That is an extremely hard challenge talking to someone who you're meeting for the first time or even if you've met them quite often, to speak at 20 minutes on any topic, an evolving nature of topics is super hard. We have completed two successful years of the competition. The first was one with the University of Washington, second, the University of California.

We are in our third instance. We have an extremely strong team of 10 cohorts and the third instance of the Alexa Prize is underway now. And we are seeing a constant evolution. First year was definitely a learning. It was a lot of things to be put together. We had to build a lot of infrastructure to enable these universities to be able to build magical experiences and do high quality research.
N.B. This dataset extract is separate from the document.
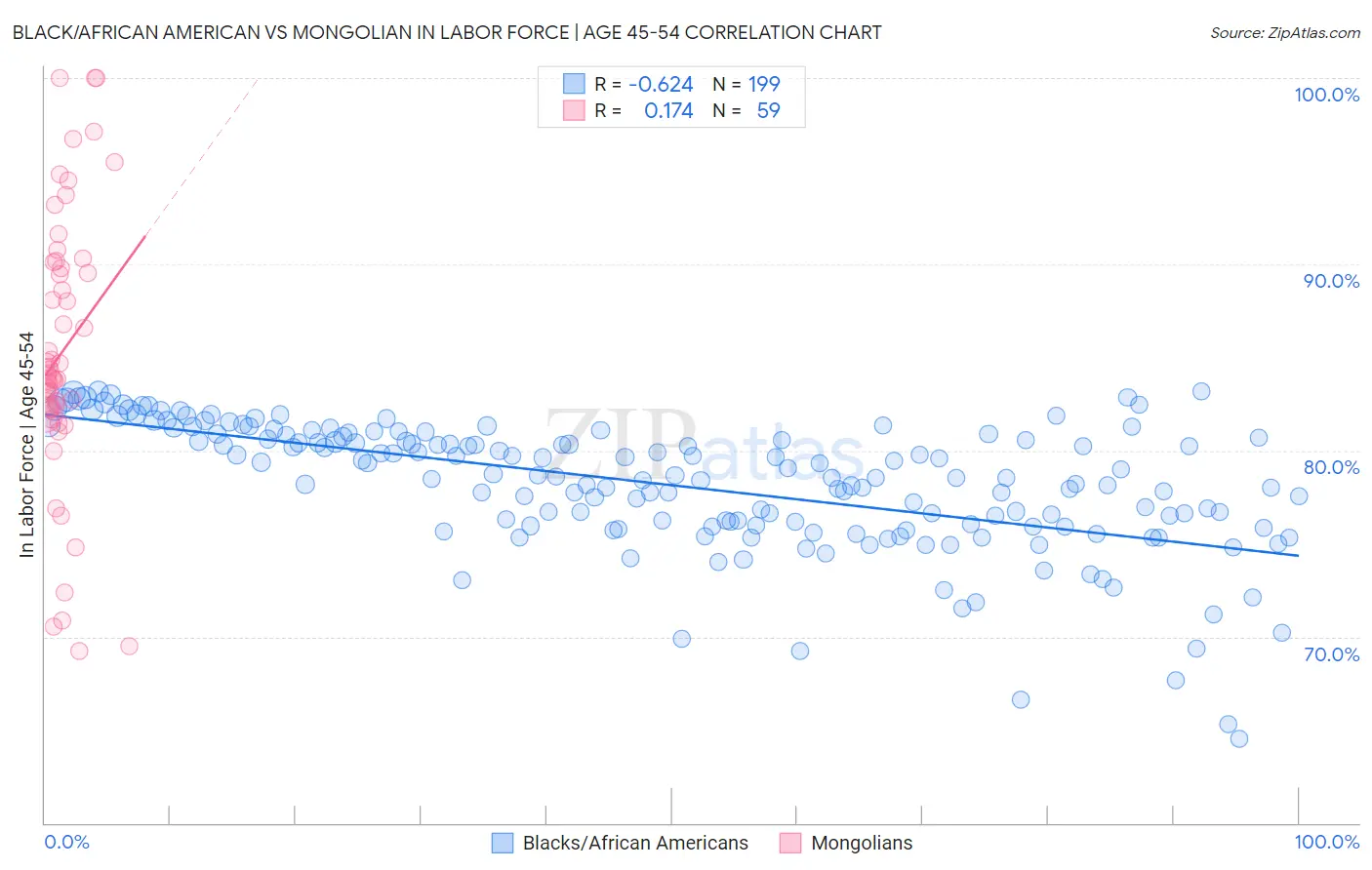 Black/African American vs Mongolian In Labor Force | Age 45-54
- Just a few quick questions, sorry for the interruption. What does failure look like in the 20 minute session? So what does it mean to fail not to reach the 20 minute mark? - Oh, awesome question. So there are one, first of all, I forgot to mention one more detail.

It's not just 20 minutes, but the quality of the conversation too that matters. And the beauty of this competition before I answer that question on what failure means is first that you actually converse with millions and millions of customers as the social bots. So during the judging phases, there are multiple phases, before we get to the finals, which is a very controlled judging in a situation where we bring in judges and we have interactors who interact with these social bots, that is a much more controlled setting.

But till the point we get to the finals, all the judging is essentially by the customers of Alexa. And there you basically rate on a simple question how good your experience was. So that's where we are not testing for a 20 minute boundary being crossed, because you do want it to be very much like a clear cut winner be chosen, and it's an absolute bar.

So did you really break that 20 minute barrier is why we have to test it in a more controlled setting with actors, essentially interactors, and see how the conversation goes. So this is why it's a subtle difference between how it's being tested in the field with real customers versus in the lab to award the prize.

So on the latter one, what it means is that essentially there are three judges, and two of them have to say this conversation has stalled essentially. - Got it, and the judges are human experts? - Judges are human experts. - Okay, great. So this is in the third year.

So what's been the evolution? How far, so the DARPA challenge in the first year, the autonomous vehicles, nobody finished in the second year, a few more finished in the desert. So how far along in this, I would say much harder challenge are we? - This challenge has come a long way to the extent that we're definitely not close to the 20 minute barrier being with coherence and engaging conversation.

I think we are still five to 10 years away in that horizon to complete that. But the progress is immense. Like what you're finding is the accuracy in what kind of responses these social bots generate is getting better and better. What's even amazing to see that now there's humor coming in.

The bots are quite-- - Awesome. (laughs) - You're talking about ultimate science of intelligence. I think humor is a very high bar in terms of what it takes to create humor. And I don't mean just being goofy. I really mean good sense of humor is also a sign of intelligence in my mind and something very hard to do.

So these social bots are now exploring not only what we think of natural language abilities, but also personality attributes and aspects of when to inject an appropriate joke, when you don't know the domain, how you come back with something more intelligible so that you can continue the conversation. If you and I are talking about AI and we are domain experts, we can speak to it.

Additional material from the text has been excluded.